Problem details
The records below need to come back exactly as they are, pictures omitted.

Data listing

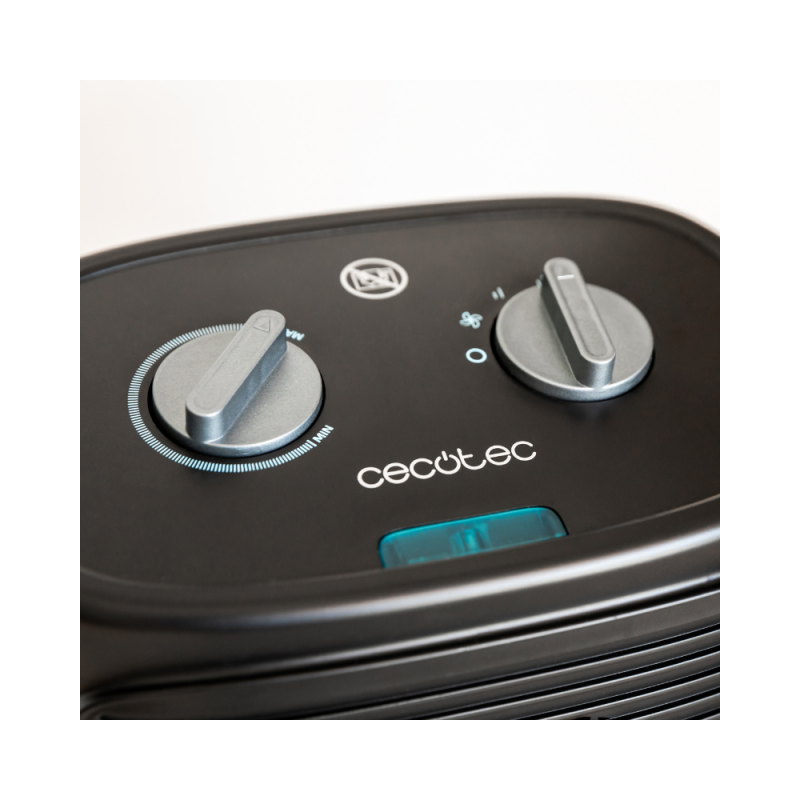 Kalorifer Cecotec ReadyWarm 2050 Max Force Black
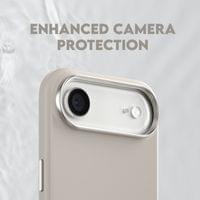 Гръб Care by PanzerGlass за iPhone 17 Air, Flow Vanilla - 5 Гръб Care by PanzerGlass за iPhone 17 Air, Flow Vanilla - 5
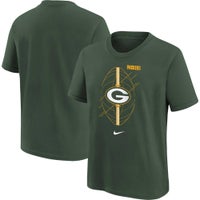 Fanatics Men's Branded Green, White Green Bay Packers Long and Short Sleeve  Two-Pack T-shirt - Macy's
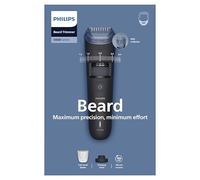 Philips Beard Trimmer 5000 Series - Beard styling with hair collector - BT5780/15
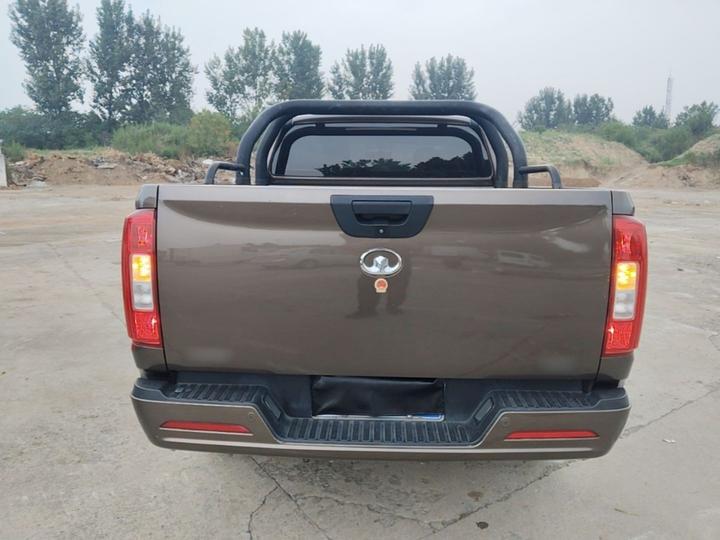 2021 2.0T MT Diesel RWD Elite GW4D20M photo 3
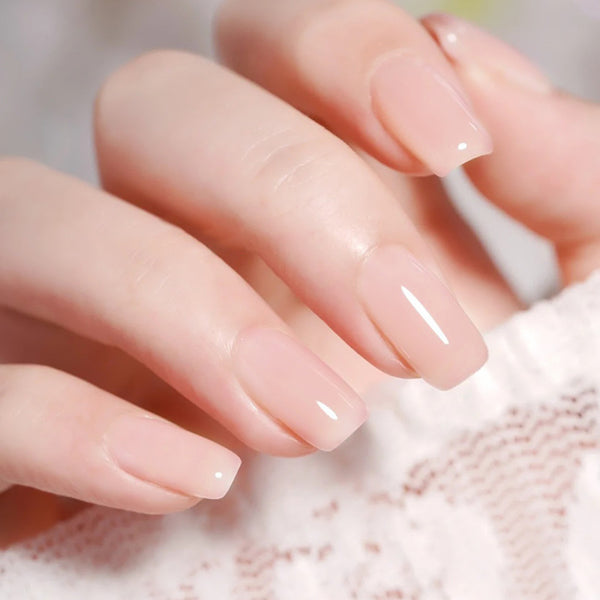 12 Sizes-24 Pcs Press On Nails CF048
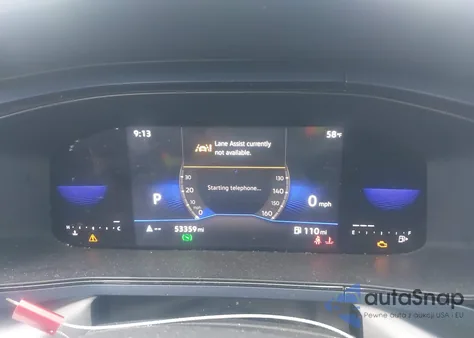 2023 Volkswagen Taos 1.5T Se из США, поврежденный, VIN 3VVEX7B24PM322366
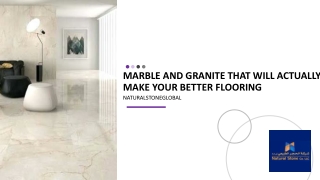 Marble And Granite That Will Actually Make Your Better Flooring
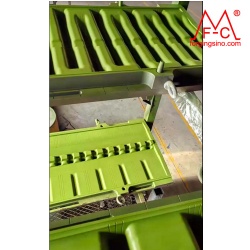 M0508 Rubber Track Mold Link Mold Tread Mould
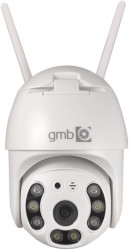 Gembird CAM-IP4MP-EP9 kamera 4 mpix microSD iCSee xmeye pro app Two-way voice PTZ ip66 - Img 2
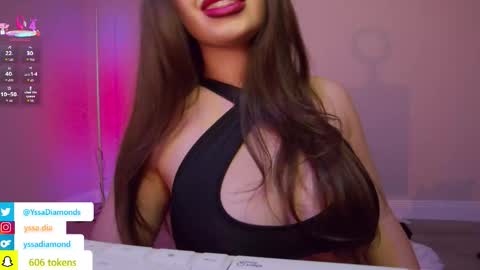 yssadiamonds online show from October 10, 10:36 pm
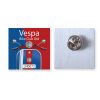 Aluminium Badge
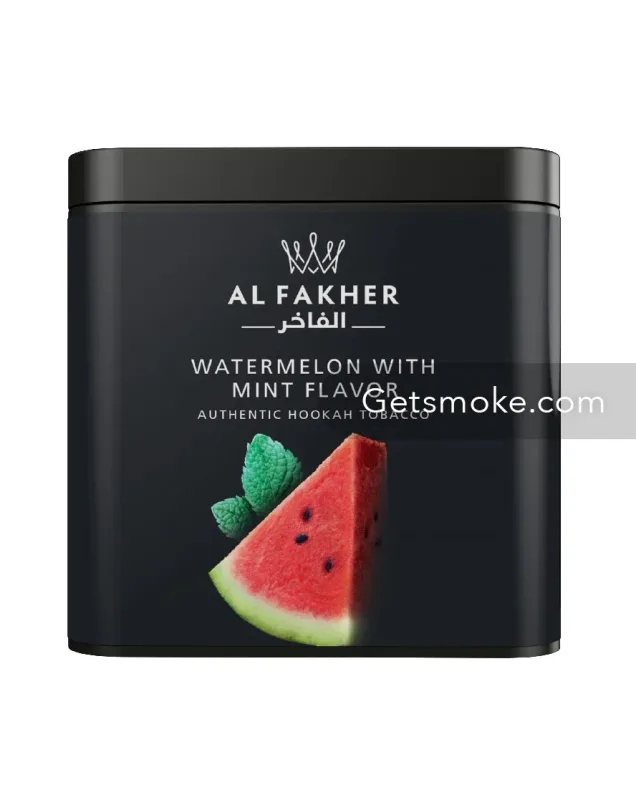 Al Fakher Tobacco 250g - WATERMELON WITH MINT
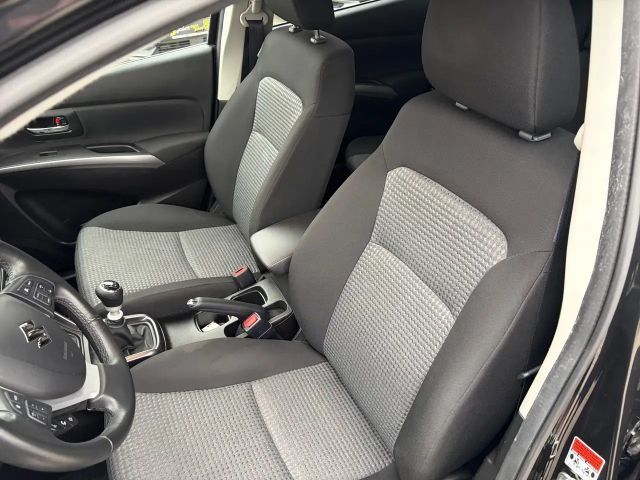 Suzuki S-Cross Allrad Shine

Answer to the problem
 Kalorifer Cecotec ReadyWarm 2050 Max Force Black
 Гръб Care by PanzerGlass за iPhone 17 Air, Flow Vanilla - 5 Гръб Care by PanzerGlass за iPhone 17 Air, Flow Vanilla - 5
 Fanatics Men's Branded Green, White Green Bay Packers Long and Short Sleeve  Two-Pack T-shirt - Macy's
 Philips Beard Trimmer 5000 Series - Beard styling with hair collector - BT5780/15
 2021 2.0T MT Diesel RWD Elite GW4D20M photo 3
 12 Sizes-24 Pcs Press On Nails CF048
 2023 Volkswagen Taos 1.5T Se из США, поврежденный, VIN 3VVEX7B24PM322366
 Marble And Granite That Will Actually Make Your Better Flooring
 M0508 Rubber Track Mold Link Mold Tread Mould
 Gembird CAM-IP4MP-EP9 kamera 4 mpix microSD iCSee xmeye pro app Two-way voice PTZ ip66 - Img 2
 yssadiamonds online show from October 10, 10:36 pm
 Aluminium Badge
 Al Fakher Tobacco 250g - WATERMELON WITH MINT
 Suzuki S-Cross Allrad Shine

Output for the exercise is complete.